Joe Godwin Joins the Board
Long term supporter of CMF Joe Godwin explains why now is the right time to get more involved.
I’m really pleased to have joined the board of CMF. I’ve supported the Foundation for many years, as a lifetime patron and attendee at events. But my work at the BBC meant it was hard for me to be as involved as I would have liked. Now I’ve packed in being paid, and have no master bar my Whippet, it’s great to finally be able to do and say what I like!
I’ve been involved in children’s media since 1989 when I joined the BBC as a trainee assistant producer. CMF Chair Anna Home gave me my first job, and CMF Director Greg Child’s was my first boss, on Record Breakers. So, it must all be destiny – or comeuppance, one or the other.
I worked on a wide range of programmes, including Saturday morning shows Going Live and Live and kicking, and got my first producer job on Blue Peter. I was then responsible for Children’s Presentation, and spent five years at Nickelodeon. There I was Head of Original Production, until it became clear that was never going to be a meaningful occupation, and so I was made Director of Interactive.
I returned to BBC Children’s to run in-house entertainment production, and then added the factual slate. In 2009, I became director of BBC Children’s. Just two years later, giddy with optimism, we moved the entire department to Salford.
When I left BBC Children’s in 2015 to try my hand at other things in other places, CBBC and CBeebies were still clear leaders of a large and largely linear pack. But gaming, streamers and social media were beginning to make bigger inroads into children’s screen time, and the BBC was the last-remaining big spender on UK factual, drama and entertainment content made especially for children.

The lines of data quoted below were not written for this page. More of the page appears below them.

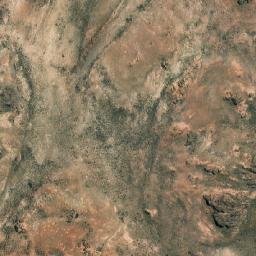 Satellite imagery of Cerro de las Ovejas, AR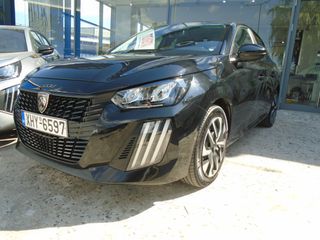 Peugeot 208 2025 *HYBRID-AYTOMATO-110HP-6.000XΛΜ!!!*-thumb-13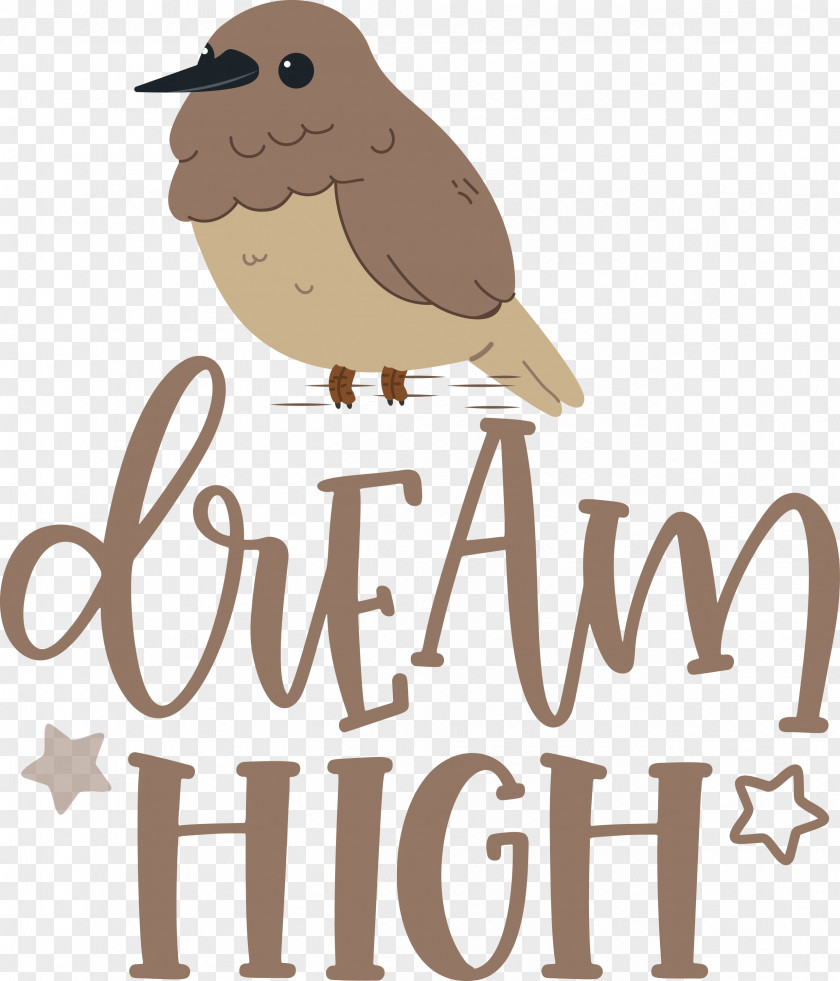 Dream High PNG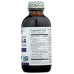 FLORA HEALTH: Elderberry Apple Cider Vinegar, 3.3 fo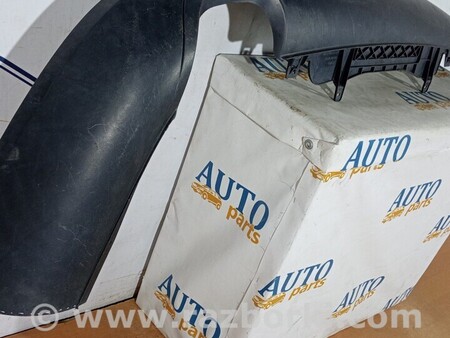 ФОТО Спойлер для Volkswagen Passat B6 (03.2005-12.2010) Киев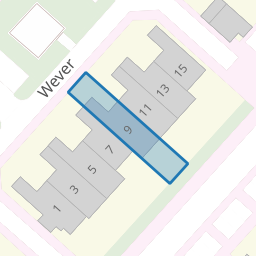 Perceel HLM03-AE-411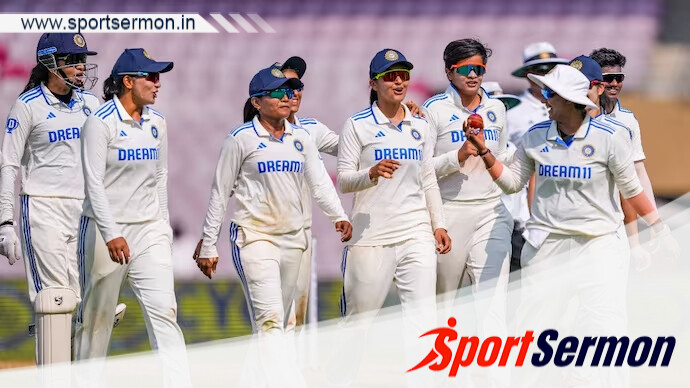 IND W vs ENG W: India Women Script History, Win by 347 Runs  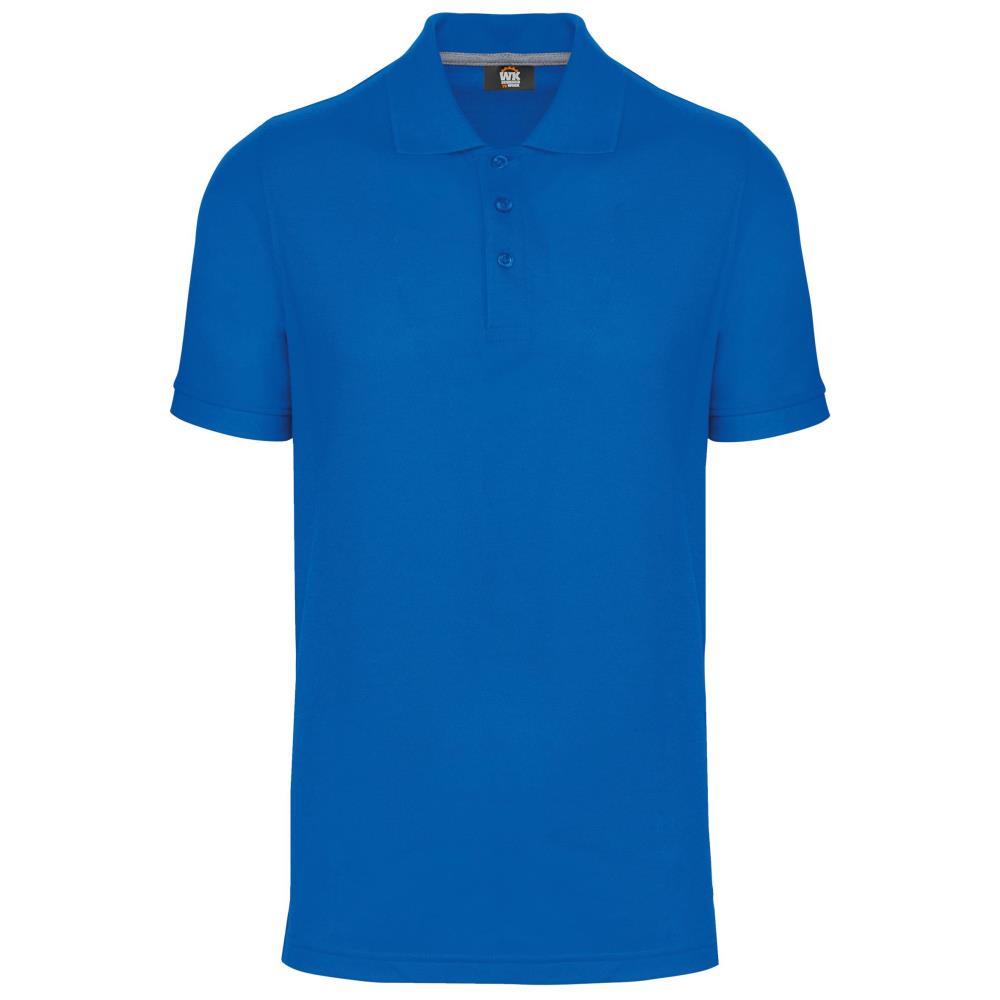 Polo korte mouwen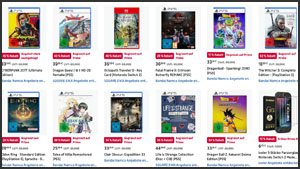 Games und Zubehör: Frühe Prime-Day-Deals mit Rabatten bis 53% ggü. UVP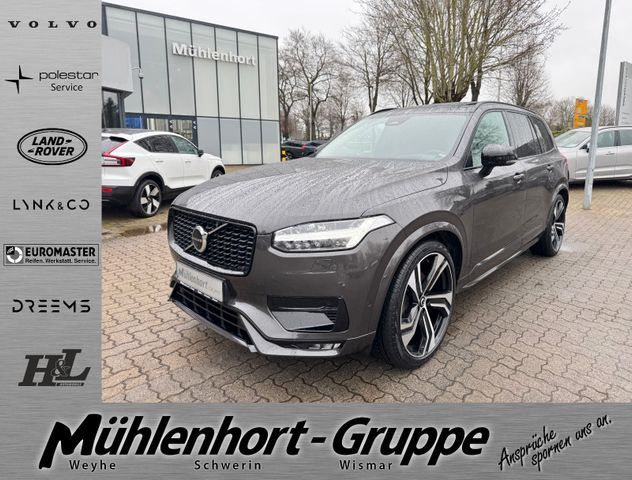 Volvo XC90 95.300 km 47.900 &euro; Schwerin 19057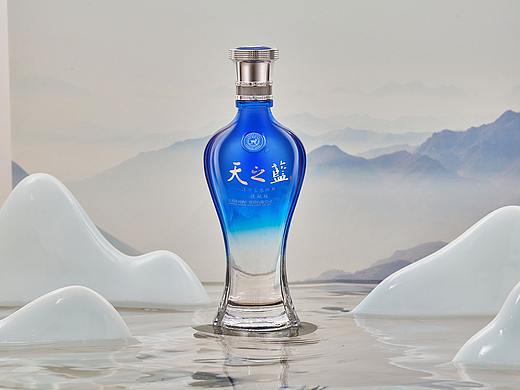 洋河集团白酒拍摄x南京产品摄影x雷霆策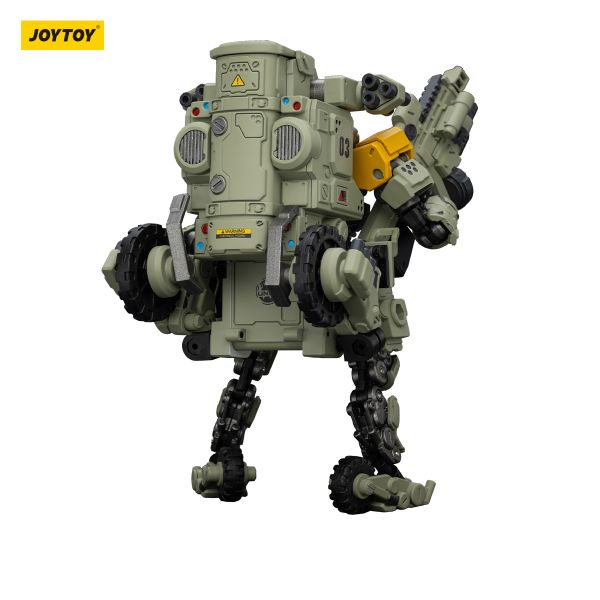 JOYTOY Fear XS-03 Tactical type(6927054401208)(6927054401208)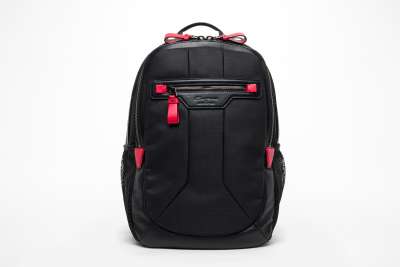 Backpack graphite 23 l - B66959479 | Mercedes-Benz Classic Store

In the past 8 years, things haven’t got much rosier for kids media in the UK. The YACF induced the poor commercial broadcasters to dip their toes back into UK kids’ production, and then got shut down; the BBC has moved away from live action UK content towards more animation; and Government and industry still don’t seem to know what we ought to do about online protection of children, or how much they have the appetite for.
Add to that growing child poverty and inequality, a war in Europe and a pandemic: kids in the UK need, possibly more than ever, stories focussed on their experience and their needs. But such content is getting thinner on the ground and is struggling to reach the young citizens who need it.
My personal view is that regulators have let too many PSB broadcasters, with their privileged use of valuable spectrum, off the hook when it comes to kids’ content. The trade-off for this privilege should be that they don’t need bribing to do it, and they should be required to do more. And of course, the BBC children’s content should be cherished and protected, but Ofcom mustn’t let the BBC join a race to the overcrowded bottom.
Which is a long-winded way of saying that there’s a bigger need than ever for the work of the CMF, and I’m really looking forward to entering the fray.